Zack Hample, Baseball Collector, Catches Baseball Dropped 1,050-Feet By Helicopter, Sets Unofficial World Record [VIDEO]
He may not be a professional athlete, but catching baseballs is nothing new to Zack Hample. Since 1990, the renowned “ball collector” has caught 6,819 balls at 50 different MLB stadiums, according to Yahoo Sports. However, Hample’s most impressive catch may have occurred in June, when he set an unofficial world record by catching a baseball dropped from a helicopter flying 1,050 feet overhead.
Hample, 35, accomplished the feat on Saturday at LeLacheur Park, home to the Red Sox Single-A affiliate Lowell Spinners, Yahoo Sports reports. Wearing the requisite protective gear and staring upward, Hample waiting patiently as the baseball dropped from a helicopter flying 1,050 feet overhead into his waiting glove.
For Hample, catching the baseball wasn’t nearly as simple as tracking a routine pop-up. The baseball reportedly took 12 seconds to drop the 1,050 feet, and traveled at speeds as high as 95 mph to do so, Yahoo Sports reports. To make the record-setting catch, Hample had to overcome the ball’s speed, gusts of wind, and the possibility of severe injury.

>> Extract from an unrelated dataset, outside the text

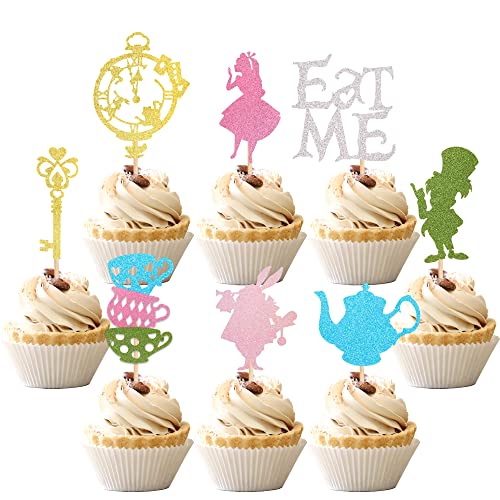 Image of 24 PCS Magic Alice Cupcake Toppers Glitter Bowl Key Clock Fairy Eat Me Cupcake Picks Tea Party Cake Decorations for Baby Shower Kids Boys Girls Birthday Party Supplies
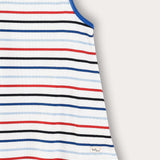Striped saree - l.blue/royal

After the attempt, Hample admitted that he had worried that the ball’s velocity during its 1,050-foot drop could have negative consequences. "If I were to just miss it and it hit me in the face with my neck tilted back at that angle, would that snap my neck? Would it kill me? Would it paralyze me? I actually thought about these things,” Hample said on a YouTube video.
Despite his fears, Hample managed to make the catch without hurting himself, setting what would have been a world record in the process. There was just one caveat—because a Guinness Book of World Records official was not on hand to witness the feat, Hample’s efforts will go unrecognized.
Hample isn’t the only baseball fan to pull off an unlikely catch lately. On Sunday, a Cleveland Indians fan caught four foul balls during a single game, an event so improbable that the odds of such an occurrence were placed at one in 1 trillion, NESN reports.